(Data extract Opens)
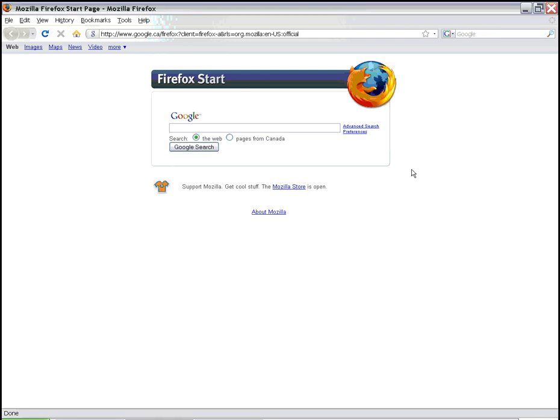Welcome back. We're going to talk about opening files with the browser Mozilla Firefox today. You can also use other browsers to open internet files, such as Internet Explorer or Opera. But today we're going to use Mozilla Firefox.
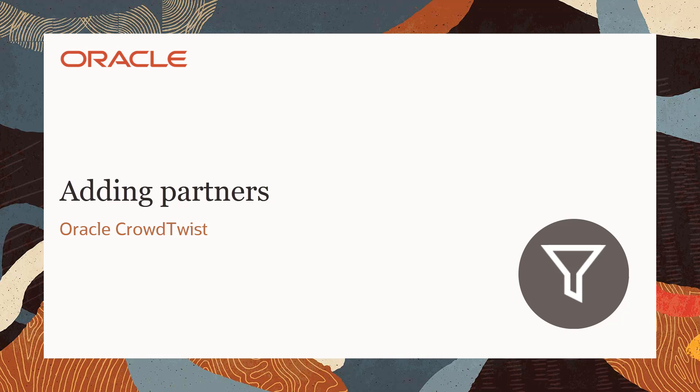Welcome to Oracle Marketing Help Center videos. In this video, I'll demonstrate how to add and manage partners in Oracle CrowdTwist.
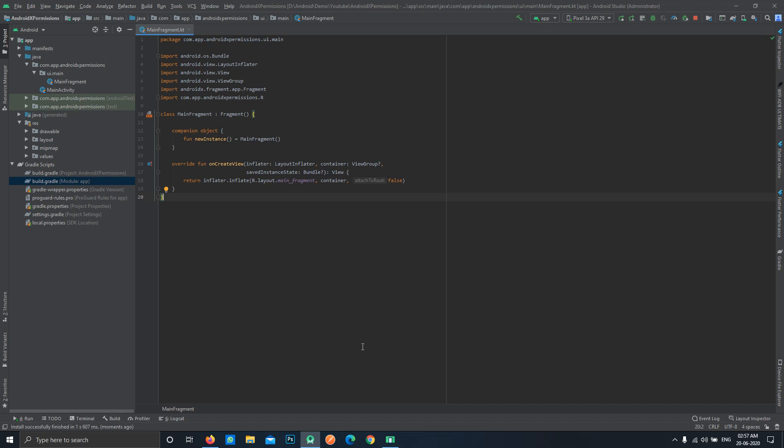Hello friends, today we're going to learn about some of the new APIs available in Android X packages. One of them is a very commonly used API for picking up images from the gallery. Let's see how we can use that API with the new packages and how it is easy and more convenient to use.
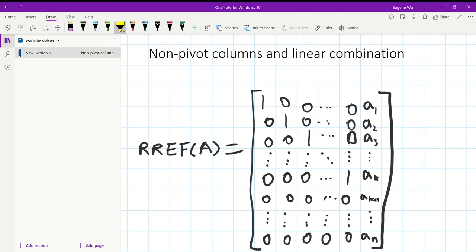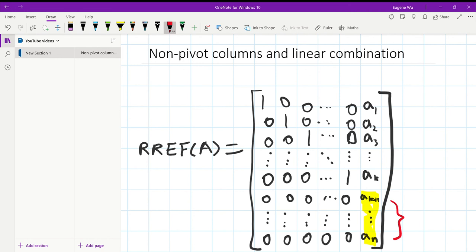Now the key is in these entries. If they are 0, then this final column must be a non-pivot column, because we can construct all these entries by scaling the previous columns.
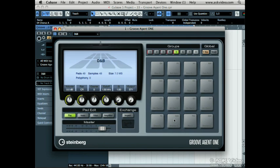That almost covers all of the features on the right side of Groove Agent 1. We still need to discuss layering, but that'll be soon. Now let's look at the left side of Groove Agent 1 in the next video.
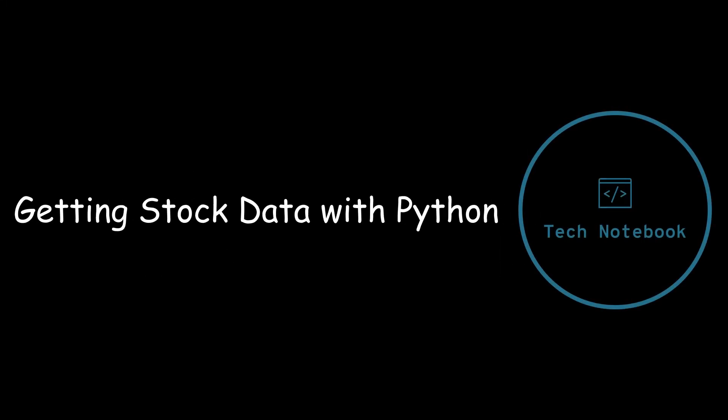Hey guys, welcome to Tech Notebook and in this video I will be showing you how to use the 12Data API to get stock information using Python. So let's get started.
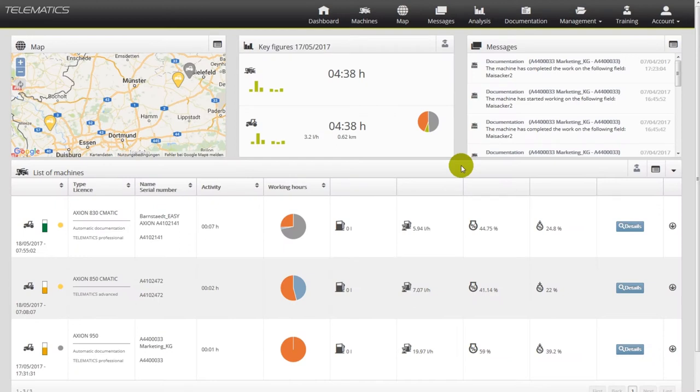Telematics Basic and Telematics Advanced users are offered to once a year test the professional license including automatic documentation for two weeks.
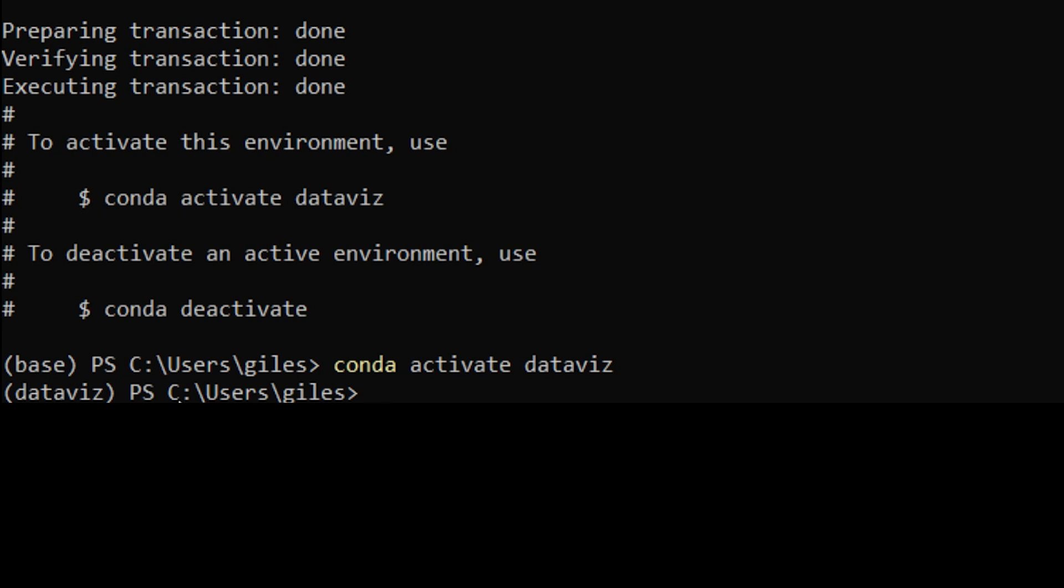You can even choose certain versions of particular packages. You can even copy the settings from an environment you're already using. So there are lots of more advanced features, but this is just the baseline. This is the habit that you should get into at the very least.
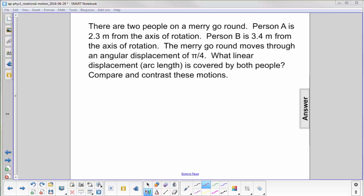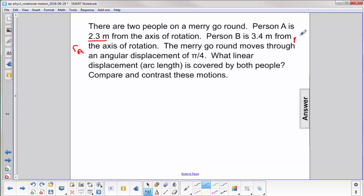There are two people on a merry-go-round. Person A is 2.3 meters from the axis of rotation — that's R sub A. Person B is 3.4 meters from the axis of rotation, which we'll call R sub B.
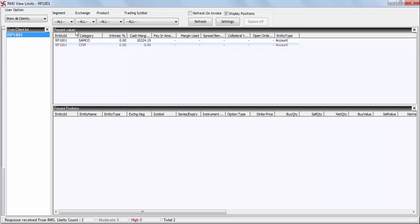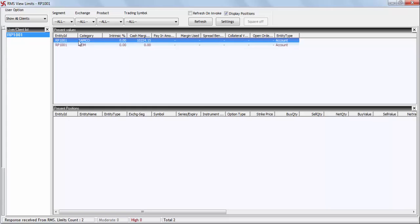You will be able to see the present values and the margins available for your trading account. The category 'Samco' stands for the equities, derivatives, and currency derivatives segment, and the category 'Com' stands for the commodity derivatives trading segment.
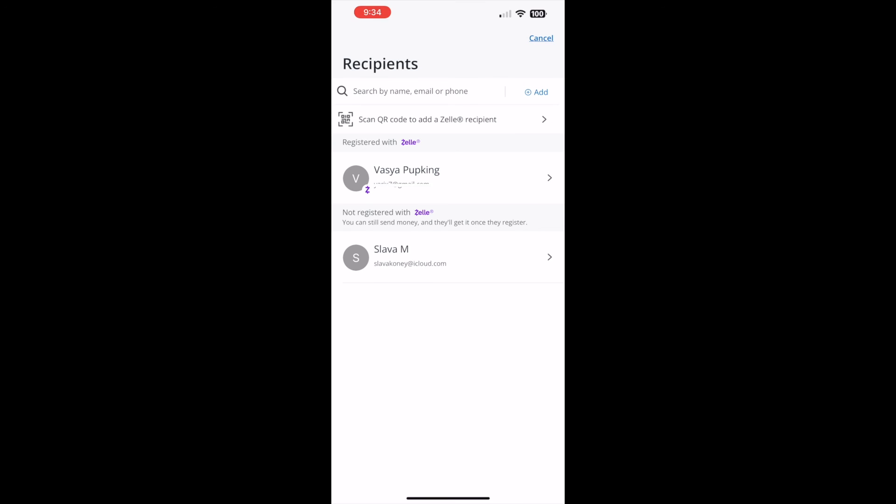Now the recipient should be deleted. It should disappear the next time you open the list of recipients. That is how you can remove the Zelle recipient on the Chase app.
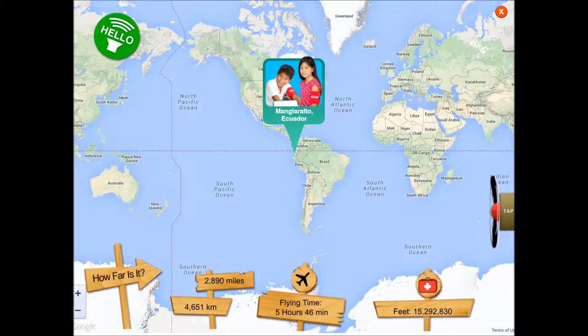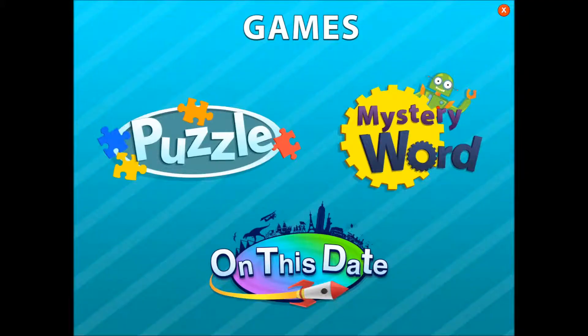You could also use it in science class, finding out more about what is happening in that part of the world — and social studies, of course, and English because you're reading, and math because you're doing equations about distance and such. It's a fun little app that brings the world closer to home, and of course there are games too.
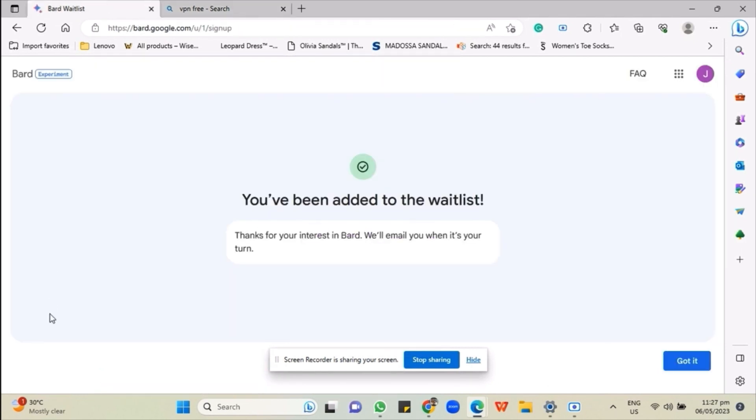By using VPN, you'll be able to apply for the waitlist wherever you are.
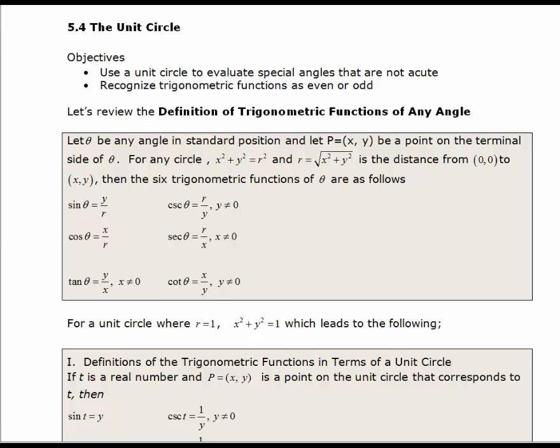In this lesson, we're going to look at what is called the unit circle. A unit circle is a circle with a radius of 1, and we're going to use a unit circle to evaluate special angles that are not acute — basically any multiples of the special angles you've already learned: 30 degrees, 45 degrees, 60 degrees, and their radian equivalents.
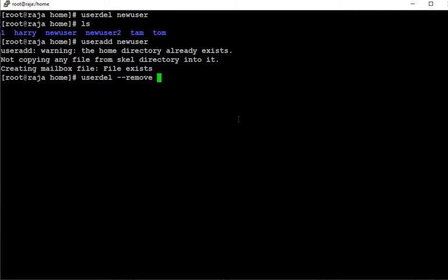What is the username? Newuser. This is the home directory and that user, newuser. We are having that one. Let's see.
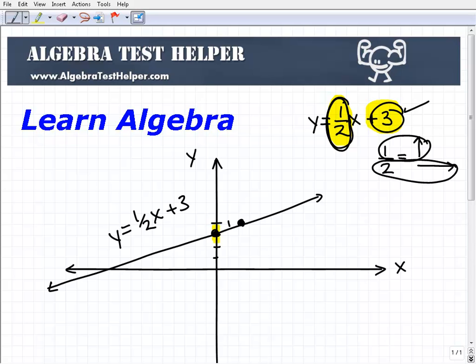I'm going to be doing a lot more examples of graphing lines — it's a commonplace area where students sometimes have trouble in algebra. Subscribe to my YouTube channel and come on over to algebratesthelper.com. I have a ton of free notes that you can access if you're learning algebra. Excellent resource. Have a great day.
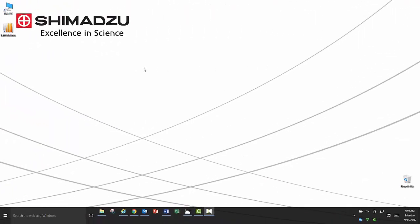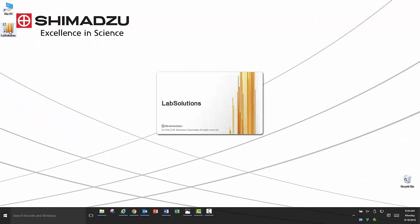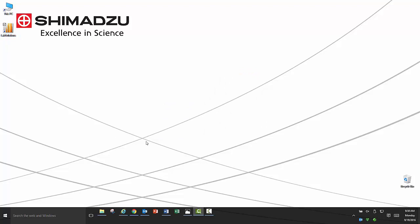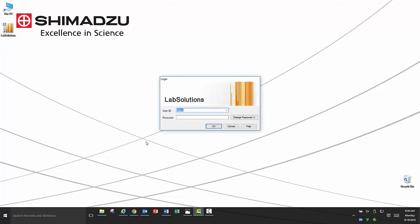To utilize the post run software, you will first need to launch LabSolutions. Once you have logged in, the main administrative screen will pop up.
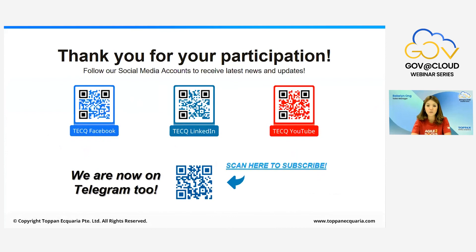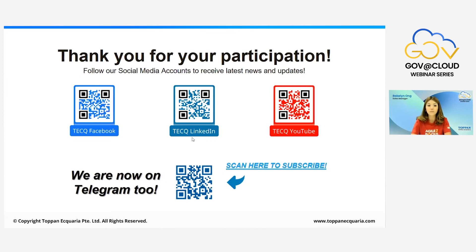Thank you all for your participation, and thank you Darren for being part of the panel. Due to time constraints we couldn't answer all questions, but we will get back to you as soon as possible. We hope this has provided useful insights on how we can help your agency integrate with WOG AD. Please click the links in the chat or scan the QR codes on screen. Subscribe to our social media and Telegram channels for the latest updates. We hope you enjoyed the webinar — see you next time!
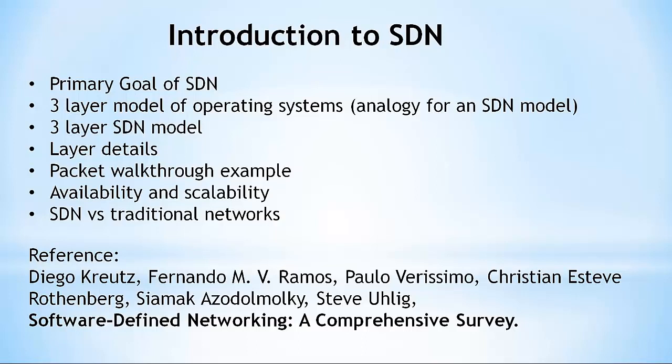This video is an introduction to Software Defined Networking, or SDN. The video starts with a statement of the primary goal of SDN.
(Data extract Closes)
Please output the material as written, apart from the images.

Solved exercise
Welcome back. We're going to talk about opening files with the browser Mozilla Firefox today. You can also use other browsers to open internet files, such as Internet Explorer or Opera. But today we're going to use Mozilla Firefox.
Welcome to Oracle Marketing Help Center videos. In this video, I'll demonstrate how to add and manage partners in Oracle CrowdTwist.
Hello friends, today we're going to learn about some of the new APIs available in Android X packages. One of them is a very commonly used API for picking up images from the gallery. Let's see how we can use that API with the new packages and how it is easy and more convenient to use.
Now the key is in these entries. If they are 0, then this final column must be a non-pivot column, because we can construct all these entries by scaling the previous columns.
That almost covers all of the features on the right side of Groove Agent 1. We still need to discuss layering, but that'll be soon. Now let's look at the left side of Groove Agent 1 in the next video.
Hey guys, welcome to Tech Notebook and in this video I will be showing you how to use the 12Data API to get stock information using Python. So let's get started.
Telematics Basic and Telematics Advanced users are offered to once a year test the professional license including automatic documentation for two weeks.
You can even choose certain versions of particular packages. You can even copy the settings from an environment you're already using. So there are lots of more advanced features, but this is just the baseline. This is the habit that you should get into at the very least.
There are two people on a merry-go-round. Person A is 2.3 meters from the axis of rotation — that's R sub A. Person B is 3.4 meters from the axis of rotation, which we'll call R sub B.
You will be able to see the present values and the margins available for your trading account. The category 'Samco' stands for the equities, derivatives, and currency derivatives segment, and the category 'Com' stands for the commodity derivatives trading segment.
Now the recipient should be deleted. It should disappear the next time you open the list of recipients. That is how you can remove the Zelle recipient on the Chase app.
You could also use it in science class, finding out more about what is happening in that part of the world — and social studies, of course, and English because you're reading, and math because you're doing equations about distance and such. It's a fun little app that brings the world closer to home, and of course there are games too.
By using VPN, you'll be able to apply for the waitlist wherever you are.
In this lesson, we're going to look at what is called the unit circle. A unit circle is a circle with a radius of 1, and we're going to use a unit circle to evaluate special angles that are not acute — basically any multiples of the special angles you've already learned: 30 degrees, 45 degrees, 60 degrees, and their radian equivalents.
What is the username? Newuser. This is the home directory and that user, newuser. We are having that one. Let's see.
I'm going to be doing a lot more examples of graphing lines — it's a commonplace area where students sometimes have trouble in algebra. Subscribe to my YouTube channel and come on over to algebratesthelper.com. I have a ton of free notes that you can access if you're learning algebra. Excellent resource. Have a great day.
To utilize the post run software, you will first need to launch LabSolutions. Once you have logged in, the main administrative screen will pop up.
Thank you all for your participation, and thank you Darren for being part of the panel. Due to time constraints we couldn't answer all questions, but we will get back to you as soon as possible. We hope this has provided useful insights on how we can help your agency integrate with WOG AD. Please click the links in the chat or scan the QR codes on screen. Subscribe to our social media and Telegram channels for the latest updates. We hope you enjoyed the webinar — see you next time!
This video is an introduction to Software Defined Networking, or SDN. The video starts with a statement of the primary goal of SDN.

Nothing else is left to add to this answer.